Montag, Januar 16, 2006
Mensen im goldenen Tempel

Heeresscharen von Zuschauern füllen täglich um 16 Uhr die eigens fest installierten Tribünen auf beiden Seiten der Grenze. Anfeuerer heizen dann die Mengen mit ihren jeweils landesspezifischen Schlachtrufen auf, bis die eigentliche Zeremonie beginnt. Ein halbstündiges Auf- und Abmarschieren der Grenzwachen in den kuriosesten und größtenteils lächerlich wirkenden Schrittkoreographien und Laufwegen, gepaart mit einem Haufen Gebrüll, unterhalten die Massen, welche sich wiederum versuchen, in der Dezibelquantität der Jubelschreie wechsel- und gegenseitig zu übertreffen. Einfach herrlich :)
Eine solide Stunde später waren wir dann in Amristar, der ersten großen Stadt im Westen Indiens. Sie wurde berühmt durch ein großes Massaker seitens der Briten gegenüber einer friedlichen Protestversammlung im Jahre 1919. In jüngster Zeit (1984) wurde außerdem das Wahrzeichen der Stadt von den Sikhs mit Panzern erobert und teilweise zerstört. Dieses ist der sogenannte "Goldene Tempel". Der Gebäudekomplex ist wahrlich fantastisch. Ein großzügig angelegtes Karree an Räumen, Säulen und Kuppeln umgibt einen riesigen Teich, in dessen Mitte der von oben bis unten vergoldete Tempel glänzt und leuchtet. Diese Pilgerstätte der Sikhs ist 24 Stunden täglich geöffnet und auch entsprechend besucht und ist dabei dauerbeschallt durch die Lesung aus der heiligen Schrift. Für alle Pilger wird ebenfalls Tag und Nacht gratis eine Standardmahlzeit zur Verfügung gestellt, welche durch die hauseigene Riesenmensa zubereitet wird (bei Deutschlands großem Mensatest, würde sie allerdings nicht bestehen können :). Und das Allerbeste ist, dass allen Pilgern obendrein noch eine freie Unterkunft inmitten des Tempelkomplexes ermöglicht wird. Ganz klare Sache, wo wir also unser Nachtquartier bezogen.
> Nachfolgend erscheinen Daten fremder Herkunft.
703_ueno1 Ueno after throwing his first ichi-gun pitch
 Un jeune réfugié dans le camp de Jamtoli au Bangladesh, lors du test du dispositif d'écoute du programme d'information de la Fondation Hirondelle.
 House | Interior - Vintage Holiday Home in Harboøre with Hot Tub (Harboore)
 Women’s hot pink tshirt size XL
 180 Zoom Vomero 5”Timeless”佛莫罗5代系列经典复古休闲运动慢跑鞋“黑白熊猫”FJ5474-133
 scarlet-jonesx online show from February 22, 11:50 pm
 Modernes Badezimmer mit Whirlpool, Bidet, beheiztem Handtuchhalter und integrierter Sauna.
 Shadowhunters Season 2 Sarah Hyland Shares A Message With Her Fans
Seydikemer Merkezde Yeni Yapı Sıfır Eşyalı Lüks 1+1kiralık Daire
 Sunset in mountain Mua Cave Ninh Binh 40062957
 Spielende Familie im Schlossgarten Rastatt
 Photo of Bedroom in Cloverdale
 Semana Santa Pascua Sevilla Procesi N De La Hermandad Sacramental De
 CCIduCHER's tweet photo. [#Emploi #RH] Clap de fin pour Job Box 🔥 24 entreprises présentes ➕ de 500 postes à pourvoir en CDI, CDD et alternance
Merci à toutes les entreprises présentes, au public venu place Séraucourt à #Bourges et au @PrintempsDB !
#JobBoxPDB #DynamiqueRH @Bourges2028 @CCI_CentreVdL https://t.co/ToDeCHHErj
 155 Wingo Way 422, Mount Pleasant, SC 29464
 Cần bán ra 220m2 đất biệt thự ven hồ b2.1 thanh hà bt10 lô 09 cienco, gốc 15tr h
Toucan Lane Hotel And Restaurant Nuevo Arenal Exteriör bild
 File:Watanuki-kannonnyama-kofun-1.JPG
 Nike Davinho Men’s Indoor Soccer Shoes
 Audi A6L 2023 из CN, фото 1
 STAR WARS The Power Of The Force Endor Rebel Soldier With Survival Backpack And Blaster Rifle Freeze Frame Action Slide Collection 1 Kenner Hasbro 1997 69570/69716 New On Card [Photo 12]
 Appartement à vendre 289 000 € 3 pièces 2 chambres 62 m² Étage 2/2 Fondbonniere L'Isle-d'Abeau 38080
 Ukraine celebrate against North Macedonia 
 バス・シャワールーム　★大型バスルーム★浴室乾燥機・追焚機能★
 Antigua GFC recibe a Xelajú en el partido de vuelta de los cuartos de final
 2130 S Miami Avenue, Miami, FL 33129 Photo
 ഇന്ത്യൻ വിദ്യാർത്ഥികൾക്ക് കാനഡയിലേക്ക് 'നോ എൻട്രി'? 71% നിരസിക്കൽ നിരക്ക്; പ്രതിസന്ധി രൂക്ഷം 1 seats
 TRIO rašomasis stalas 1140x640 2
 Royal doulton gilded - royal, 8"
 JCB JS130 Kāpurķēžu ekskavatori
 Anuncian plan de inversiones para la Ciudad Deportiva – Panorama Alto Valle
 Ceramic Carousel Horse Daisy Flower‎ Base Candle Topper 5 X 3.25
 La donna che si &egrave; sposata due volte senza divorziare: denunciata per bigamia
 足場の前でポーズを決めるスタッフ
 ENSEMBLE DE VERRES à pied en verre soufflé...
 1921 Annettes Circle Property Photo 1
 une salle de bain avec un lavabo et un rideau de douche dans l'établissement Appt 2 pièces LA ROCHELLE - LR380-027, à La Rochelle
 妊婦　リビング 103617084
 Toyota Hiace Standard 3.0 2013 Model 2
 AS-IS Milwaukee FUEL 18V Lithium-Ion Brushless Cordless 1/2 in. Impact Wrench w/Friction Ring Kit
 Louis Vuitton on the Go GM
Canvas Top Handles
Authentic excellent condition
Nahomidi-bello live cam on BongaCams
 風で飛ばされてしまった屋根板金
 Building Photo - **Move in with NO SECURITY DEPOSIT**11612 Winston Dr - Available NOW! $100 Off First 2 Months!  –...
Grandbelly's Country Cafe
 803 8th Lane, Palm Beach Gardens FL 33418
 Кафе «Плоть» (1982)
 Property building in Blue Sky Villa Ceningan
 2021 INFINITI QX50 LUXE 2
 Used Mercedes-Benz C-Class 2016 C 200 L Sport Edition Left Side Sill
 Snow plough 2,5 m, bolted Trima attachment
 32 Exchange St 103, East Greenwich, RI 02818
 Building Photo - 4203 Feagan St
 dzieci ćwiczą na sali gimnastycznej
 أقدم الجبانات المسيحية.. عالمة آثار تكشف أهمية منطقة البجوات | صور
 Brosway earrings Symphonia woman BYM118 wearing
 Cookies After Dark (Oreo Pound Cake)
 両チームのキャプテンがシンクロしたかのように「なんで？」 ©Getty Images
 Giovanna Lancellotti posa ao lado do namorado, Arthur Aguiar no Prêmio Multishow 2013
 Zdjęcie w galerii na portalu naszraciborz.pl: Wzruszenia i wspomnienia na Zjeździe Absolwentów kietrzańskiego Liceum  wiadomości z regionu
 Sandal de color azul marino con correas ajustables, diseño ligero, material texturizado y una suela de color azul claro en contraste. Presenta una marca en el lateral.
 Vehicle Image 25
Am Folgetag stolperte ich bei meinem Spaziergang durch die Altstadt in eine Kremation. Eine alte Frau war in der Vornacht gestorben und sollte nun verbrannt werden in einer der beiden großen Kremationsstätten Amritsars. Ich wurde freundlich herbeigewinkt, um der Zeremonie beizuwohnen. Die Leiche wird sorgfältig in einen Holzscheiterhaufen eingebettet und mit letzten Opfergaben versehen, bevor schließlich alles angezündet wird. Ein ergreifender Augenblick. Auf dem Platz brannten ca. sechs Feuer, umringt von den jeweils angehörigen Familien der Verstorbenen. Die Asche wird drei Tage später eingesammelt und in den Ganges geworfen.
Mittlerweile befinden wir uns nach einer landschaftlich spektakulären Busfahrt in Dahramsala, in den Ausläufern des Himalajas, der sich hinter uns gewaltig aufbäumt. Hier ist der Wohnsitz des Dalai Lama, wenn er sich nicht gerade auf Reisen befindet. Morgen werden wir uns wohl eine tolle Wanderung raussuchen, tief durchatmen und erholen von der Stadtluft und die sagenhafte Landschaft aufsaugen.